Its campaign, in partnership with Twitter, created not only the world’s first Twitter bot, but also marked the first time the social-media platform had partnered a transport authority to provide live travel information in this manner. The Twitter bot sent notifications about disruptions, such as severe delays, straight to customers’ mobile devices on the go, free of charge, in the form of a direct message.

Customers could also check the status of any Tube or TfL rail lines at any time of day or night and get the latest information – including the confirmation of "a good service". Notifications could be tailored to avoid receiving unnecessary alerts.

Christopher Macleod, customer director for Transport for London, says the innovation meant the brand was able to meet both the needs of its Twitter followers and the expectations of all its customers. Information is now more accurate and consistent, for example, and can be accessed faster.
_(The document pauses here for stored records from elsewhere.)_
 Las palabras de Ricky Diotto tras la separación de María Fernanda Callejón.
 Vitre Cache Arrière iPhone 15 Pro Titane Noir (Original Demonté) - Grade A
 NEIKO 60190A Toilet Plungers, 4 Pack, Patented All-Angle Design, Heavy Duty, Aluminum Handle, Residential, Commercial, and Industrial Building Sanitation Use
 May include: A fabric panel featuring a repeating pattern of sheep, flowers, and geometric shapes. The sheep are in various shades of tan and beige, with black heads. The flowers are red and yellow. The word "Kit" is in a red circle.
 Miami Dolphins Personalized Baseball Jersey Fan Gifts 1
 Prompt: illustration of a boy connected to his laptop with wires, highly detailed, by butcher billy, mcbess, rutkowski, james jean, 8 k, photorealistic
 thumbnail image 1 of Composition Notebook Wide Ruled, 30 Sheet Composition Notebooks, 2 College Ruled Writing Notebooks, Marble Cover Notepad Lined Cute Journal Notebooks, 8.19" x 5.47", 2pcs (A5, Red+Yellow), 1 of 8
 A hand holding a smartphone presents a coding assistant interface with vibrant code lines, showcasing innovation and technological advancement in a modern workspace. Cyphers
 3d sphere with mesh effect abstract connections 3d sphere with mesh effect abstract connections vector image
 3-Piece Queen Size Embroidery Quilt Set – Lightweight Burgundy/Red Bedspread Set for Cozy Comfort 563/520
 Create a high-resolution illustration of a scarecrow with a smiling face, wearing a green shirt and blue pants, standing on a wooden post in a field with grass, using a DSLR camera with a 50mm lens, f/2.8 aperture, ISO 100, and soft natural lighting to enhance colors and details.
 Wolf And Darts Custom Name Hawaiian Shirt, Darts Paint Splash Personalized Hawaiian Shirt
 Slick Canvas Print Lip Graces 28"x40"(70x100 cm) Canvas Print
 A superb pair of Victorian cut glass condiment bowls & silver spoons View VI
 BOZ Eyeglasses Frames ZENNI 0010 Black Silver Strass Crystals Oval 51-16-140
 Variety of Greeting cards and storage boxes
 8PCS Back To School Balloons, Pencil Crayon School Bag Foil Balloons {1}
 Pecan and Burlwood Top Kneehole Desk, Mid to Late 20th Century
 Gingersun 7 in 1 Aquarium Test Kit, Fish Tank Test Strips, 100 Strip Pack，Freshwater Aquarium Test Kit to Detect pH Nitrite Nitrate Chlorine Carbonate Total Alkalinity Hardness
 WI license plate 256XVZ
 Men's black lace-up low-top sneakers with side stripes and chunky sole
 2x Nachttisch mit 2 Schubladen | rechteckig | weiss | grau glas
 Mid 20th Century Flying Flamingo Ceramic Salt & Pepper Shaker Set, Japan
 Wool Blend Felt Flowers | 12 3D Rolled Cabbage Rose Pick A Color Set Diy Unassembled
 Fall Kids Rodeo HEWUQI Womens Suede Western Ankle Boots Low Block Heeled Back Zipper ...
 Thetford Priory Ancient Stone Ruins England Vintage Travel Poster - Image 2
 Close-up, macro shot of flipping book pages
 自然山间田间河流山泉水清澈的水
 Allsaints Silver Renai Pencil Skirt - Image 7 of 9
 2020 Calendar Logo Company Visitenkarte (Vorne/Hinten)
With TfL no longer needing to tweet about minor delays, more time is freed up, enabling customer-service agents to tackle more complex questions.

"The service reinforces perceptions of TfL as a digital innovator and also means more customer-service agent time can be spent answering more complex customer queries," he says. Since launch 3.9 million alerts have been sent and nine out of 10 users remain subscribed to the service after trying it.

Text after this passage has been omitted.